League Reconstruction on the table.
Discussions to happen.
Let’s be honest, it’s been a while.
League Reconstruction as it is now, with the SPL and SFL in a 12-10-10-10 SPFL set up along with the pyramid structure allowing Highland and Lowland League teams the opportunity to come into the SPFL, predates the Scottish Football Supporters Association.
We’re only 10 years old.
The current league set up is a dozen years in existence.
This is a debate that comes round every so often, not quite as regularly as Christmas or Easter, but it does happen. And every so often, we hear rumblings and then eventually somebody decides to have a reasonable conversation about it. A bit like Easter Bunny and Santa Claus, I wonder just exactly whether, this is just a smokescreen of mythology, in order to bring deeper and more interesting things to the table.
The current set-up has its detractors and supporters. The supporters suggest that the top flight with the split means that when the split happens, and just before it, we end up with meaningful games. Those teams who want to be in the top six have something to play for. And those who don’t want to be in the bottom six want to avoid being pulled into that relegation mix. The pressure that’s placed upon managers increases people coming through the turnstiles because there is jeopardy.
Jeopardy brings excitement.
Excitement brings people to the games.
For many years now, I have wondered just exactly how many extra fans come through the turnstiles for a six versus seven game.
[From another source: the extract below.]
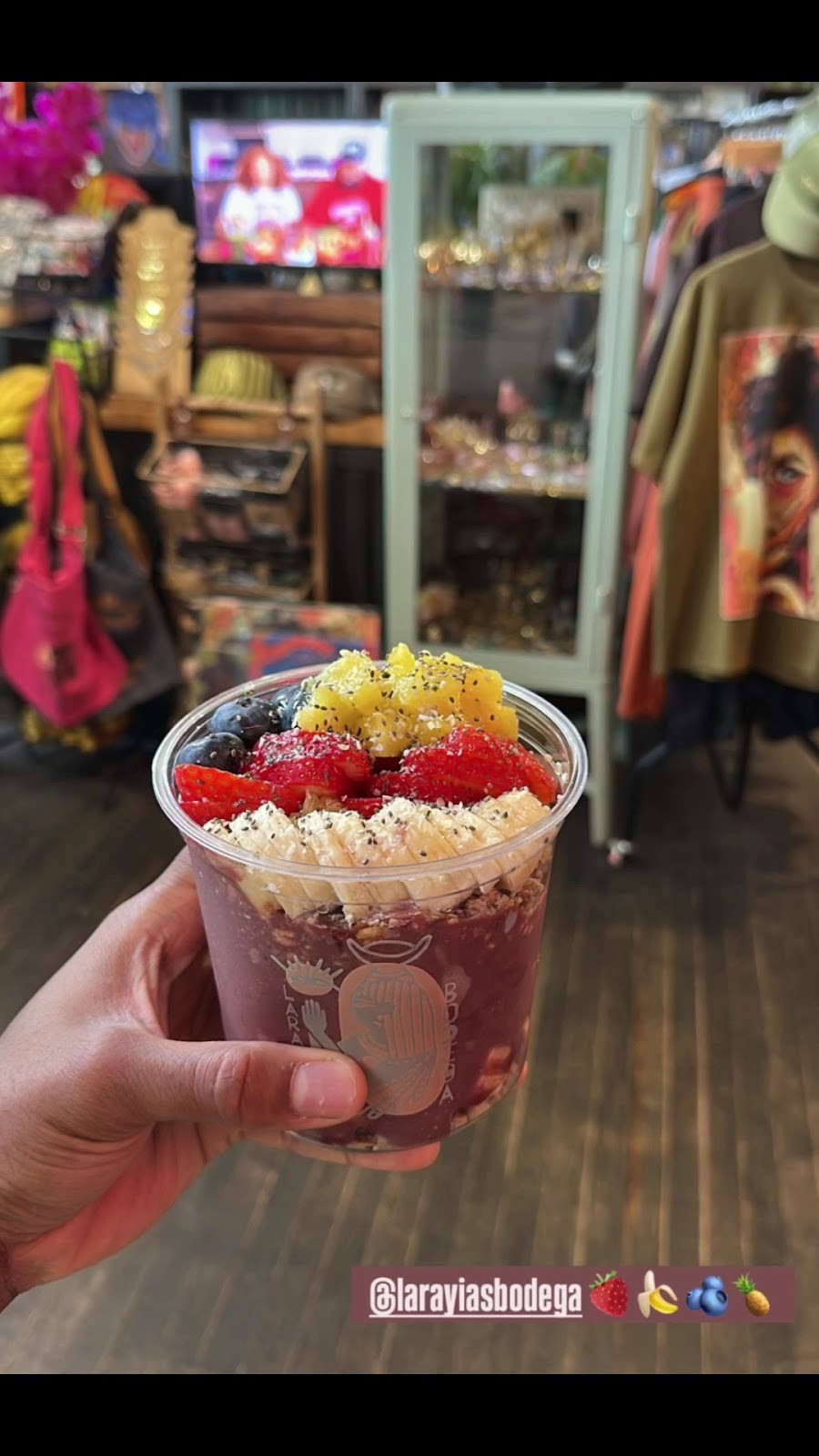 LaRayia's Bodega: food & drinks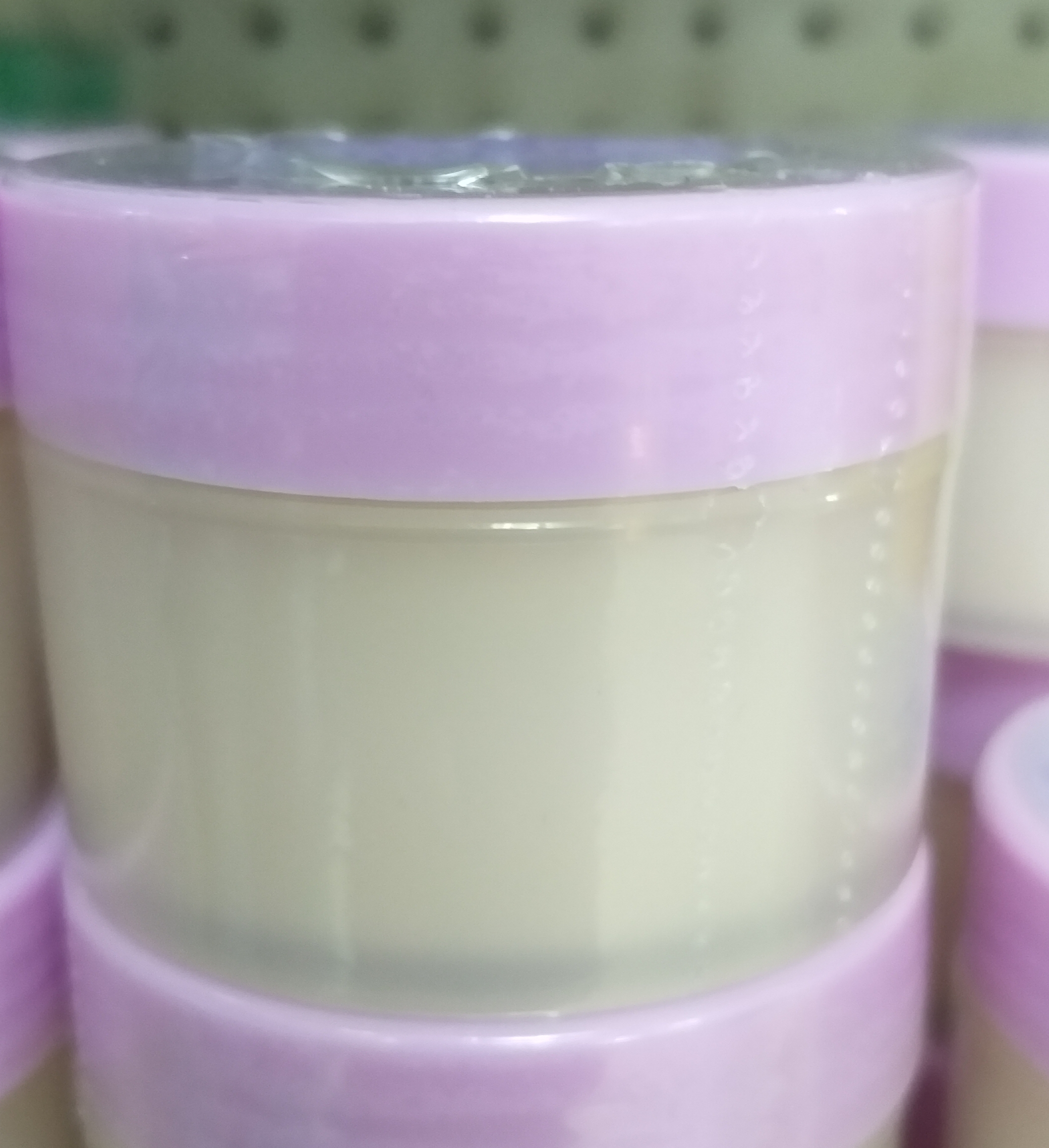 54-101-3100-1 ครีมกวาวเครือ 50 กรัม(สีม่วง) ปฐมฯ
I wonder if you get into the top six and you’re sitting there and look up at the five above you with a huge number of points difference between sixth and fourth and think the only competitive game we’ve got is when we play the team above us.
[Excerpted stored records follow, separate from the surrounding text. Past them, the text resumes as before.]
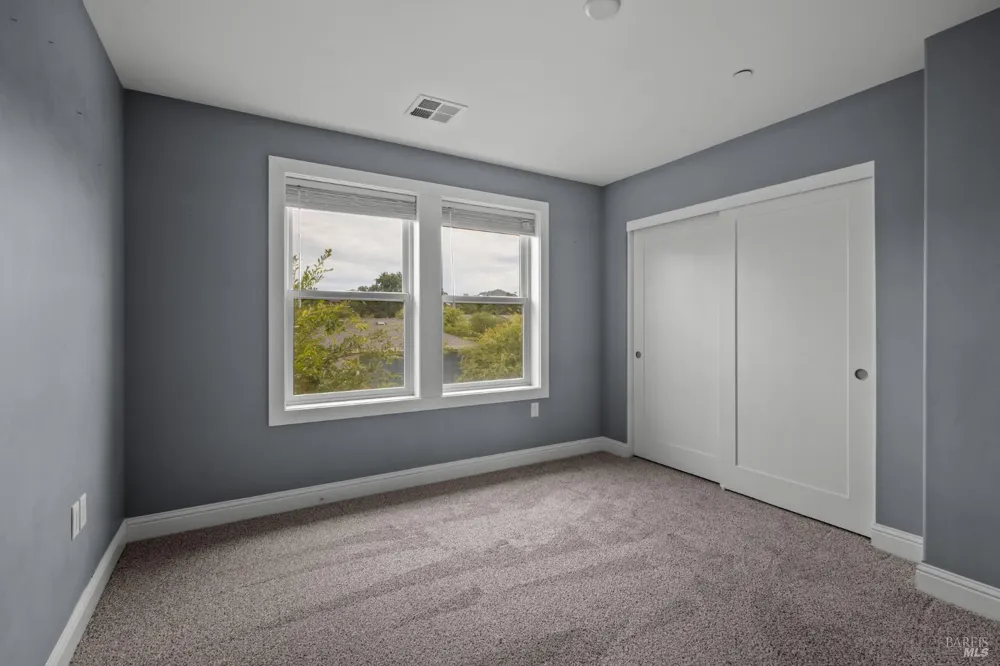 1593 Cali Lane Healdsburg, CA 95448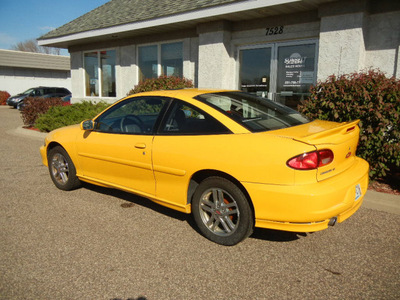 chevrolet cavalier 2002 yellow coupe ls sport2yr30kwarranty gasoline 4 cylinders front wheel drive automatic 55016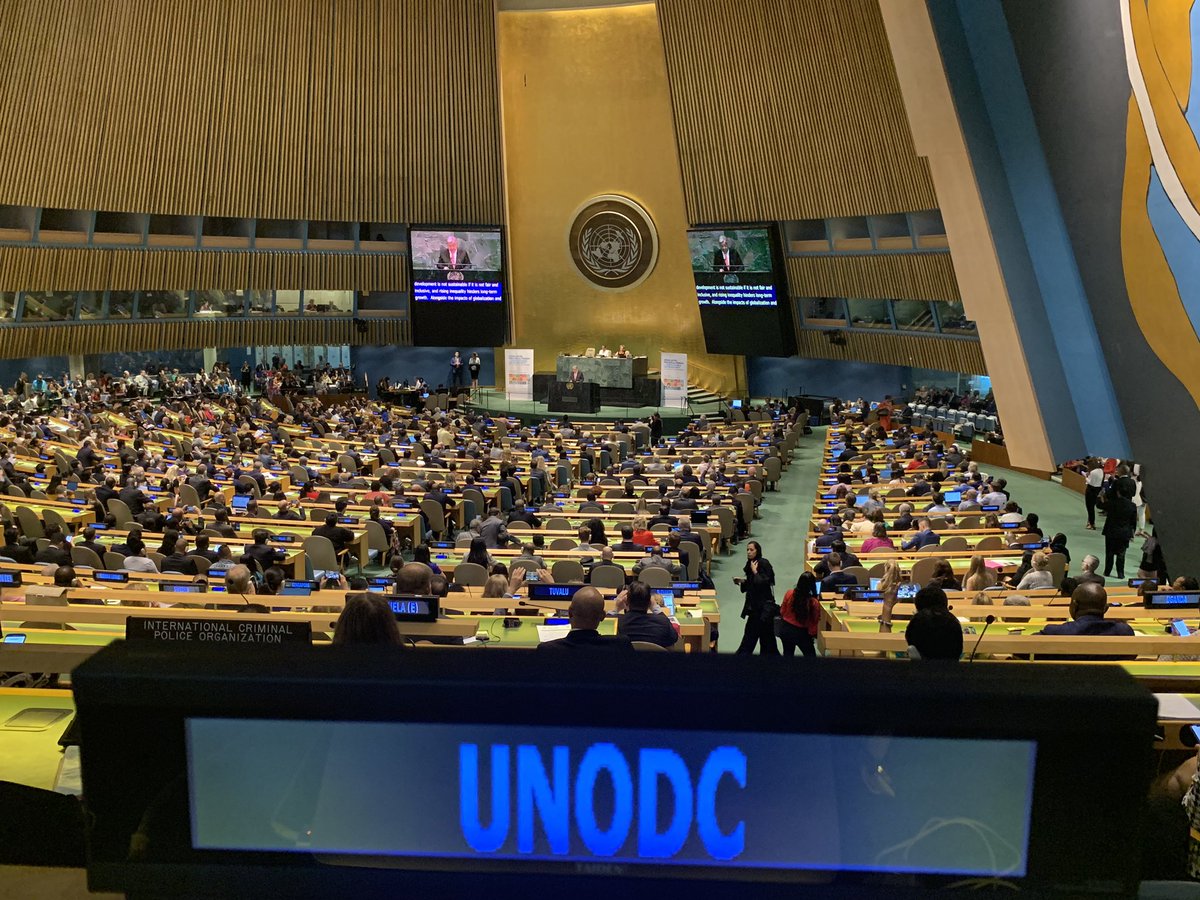 UNODC_HTMSS's tweet image. UNSG @antonioguterres at the #HLPF2019 opening: migrants &amp;amp; refugees are suffering intolerable levels of poor treatment, discrimination - need to step it up, including in implementing the #GlobalCompactforMigration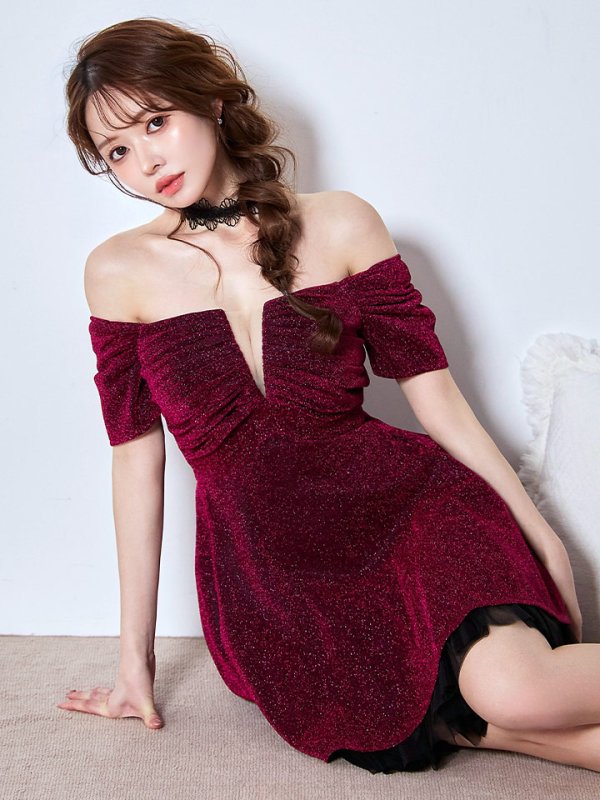 ブラックバーガンディ モデル：ゆめ　身長：160cm：8号(Sサイズ)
Or is it a possibility that once the champions are crowned, that when they come down to your club, that you’ve got an opportunity of demonstrating to your fans, what could have been, because you have the opportunity to show you can compete with the best in the land?
Or is it just another opportunity to be whipped five and six nothing with the top scorer in the champion club looking to extend their lead at the top of the scoring charts?
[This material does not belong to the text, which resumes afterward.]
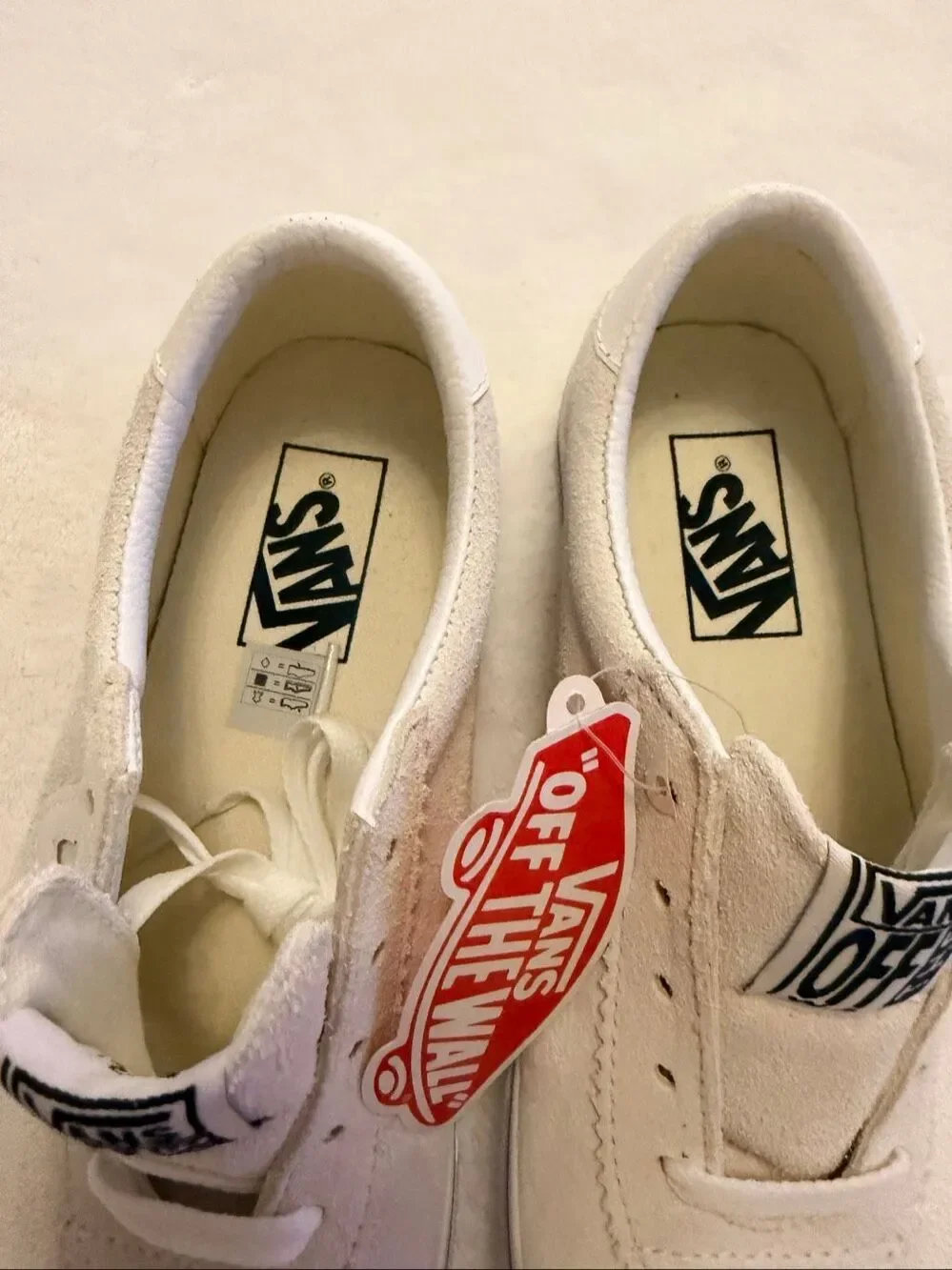 Vans Skate Low White Suede Sneakers Women’s 7.5 Men’s 6 NWTs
Or is it, as the detractors would suggest, so pressured that clubs are forced into making decisions that destroy any development of the youth programme, sitting comfortably nestled somewhere in the stadium, hoping for an opportunity to just get one of them onto the subs bench.
Is it something that in terms of our national team is actually quashing any kind of ambition? Because instead of free-flowing football, what you get is midfield side to side passing as safety comes first, rather than the cavalier spirit that would allow a new 17-year-old to fly down the wing, chipping in crosses in to allow a long-forgotten striker to actually notch a few on his belt.
I have often thought, still believe and may always believe that a top flight of 16 at least would be the best way to support youth development.
Let’s have a look at when we stopped qualifying for major tournaments. It comes as little surprise that it was in the early part of the 1990s. It comes as little surprise that many of our youth players that are currently playing and managing their development in leagues outside of the UK.
The current expectations on SPFL managers to get into a position of safety is so tightly pressurised that a slip means that the sack is not just round the corner, it’s probably sitting at the end of their desk on a daily basis. What does that lead managers to do? Does it mean that they take risks or are the risks simply in buying a yet another foreign import who might just manage to secure a draw here and an away victory there, rather than giving our own flourishing academies the opportunity to demonstrate why it was in 1967 that we boasted that Glasgow Celtic had such an amazing array of brilliant footballers?
I suggested earlier on that there was perhaps another reason that was going to be on the table: that this headline was a smokescreen.
The suggestion that we go back to a ten-team Premier League is likely to be dead in the water for a variety of different reasons, not least of course the fact that having less games to offer broadcasters is likely to kill it.
Not that of course that anything other than sporting integrity is going to be prevalent when it comes to working out what football should be doing with itself.
What I would love for them to talk about is how we deal with promotion and relegation.
I have long felt that the three types of playoffs that we have in place were wrong. I think that anybody who ends up bottom of the pile should be relegated, and that includes League Two.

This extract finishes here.